Rutledge responded to this reply, on the same day: “Your determination to endeavour to maintain the independence of the United States, at every hazard, proves that you know the value and are deserving of those rights for which America contends."
The Declaration was approved by the grand jury of Charleston on October 15th.
Very naturally, it also was late before Georgia celebrated the action of Congress in declaring independence. On August 1oth, however, “ 130 A Declaration being received from the Honourable John Hancock, Esq. . his Excellency the President [Bullock], and the Honourable the
Council met in the Council-Chamber [in Savannah], and read the Declaration. — They then proceeded to the square before the Assembly House, and read it likewise to a great concourse of people, when the grenadier and light infantry companies fired a general volley. After this, they proceeded in the following procession to Liberty Pole :— The grenadiers in front — The Provost Marshal, on horseback, with his sword drawn — The Secretary with the Declaration — His Excellency the President - The Honourable the Council and gentlemen attending — Then the light infantry, and the rest of the militia of the town and district of Savannah. At the Liberty Pole they were met by the Georgia battalion, who, after the reading of the Declaration, discharged their field pieces, and fired in platoons. Upon this they proceeded to the battery, at the Trustees Gardens, where the Declaration was read for the last time, and the cannon of the battery discharged. His Excellency and Council, Col. Lachlan McIntosh, and other gentlemen, with the militia, dined under the cedar trees, and cheerfully drank to the United, Free, and Independant States of America. In the evening the town was illuminated, and there was exhibited a very solemn funeral procession, attended by the grenadier and light infantry companies, and other militia, with their drums, muffled, and fifes, and a greater number of people than ever appeared on any occasion before in this province, when George the Third was interred before the court-house in the following manner: 'Forasmuch as George the Third, of Great Britain, hath most flagrantly violated his coronation oath, and trampled upon the constitution of our country, and the sacred
rights of mankind, we therefore commit his political existence to the ground, corruption to corruption, tyranny to the grave, and oppression to eternal infamy; in sure and certain hope that he will never obtain a resurrection to rule again over these United States of America; but my friends and fellow citizens, let us not be sorry, as men without hope, for TYRANTS that thus depart; rather let us remember America is free and independent, that she is, and will be, with the blessing of the Almighty, GREAT among the nations of the earth.
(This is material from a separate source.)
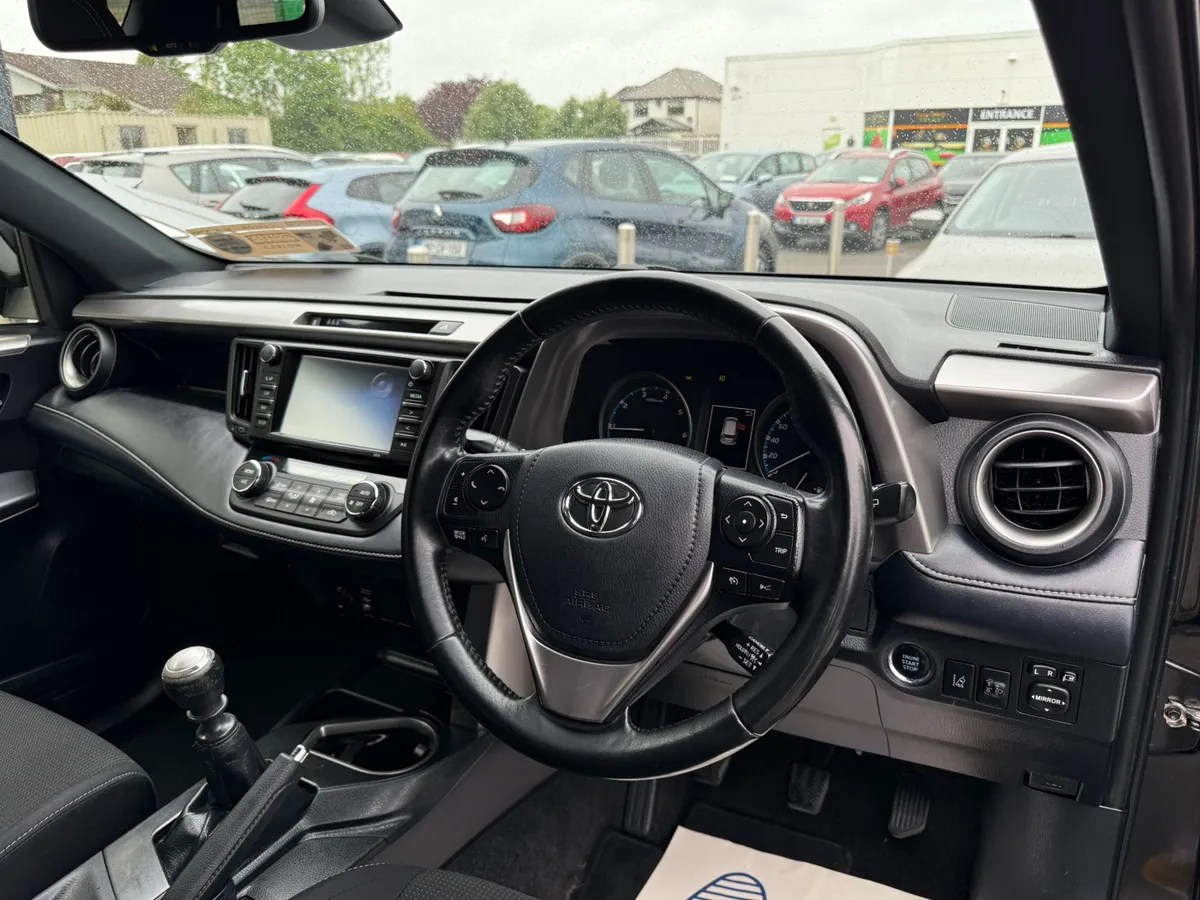 182 Toyota Rav-4 2.0 D4D Diesel SOL - Image 4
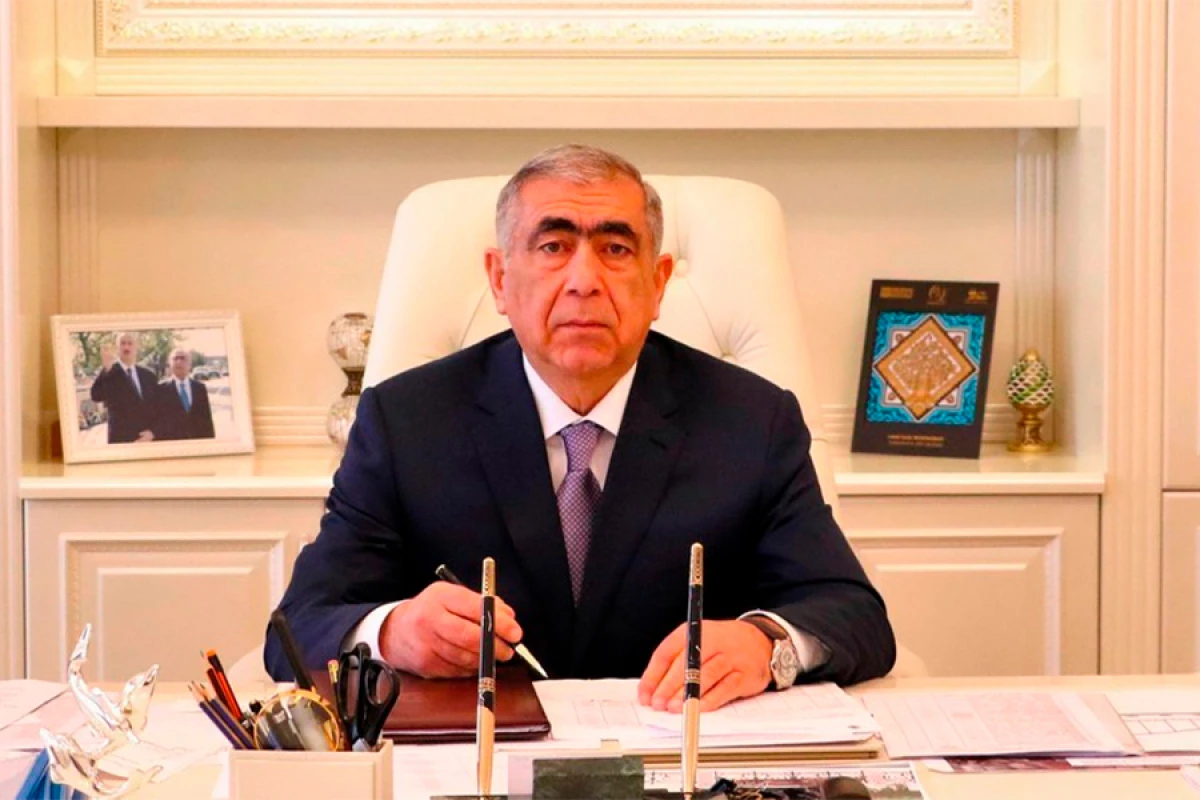 Saleh Məmmədovun [[vətəndaş qəbulunun vaxtı]] dəyişdirildi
Let this encourage us in well doing, to fight for our rights and privileges, for our wives and children, for all that is near and dear to us. May God give us his blessing, and let all the people say
AMEN.'" “ 131 With similar joy was the Declaration of Independence welcomed in the other parishes of Georgia. St. John's Parish, the Home of Hall and Gwinnett, two of the signers, was most pronounced in its demonstrations of approval."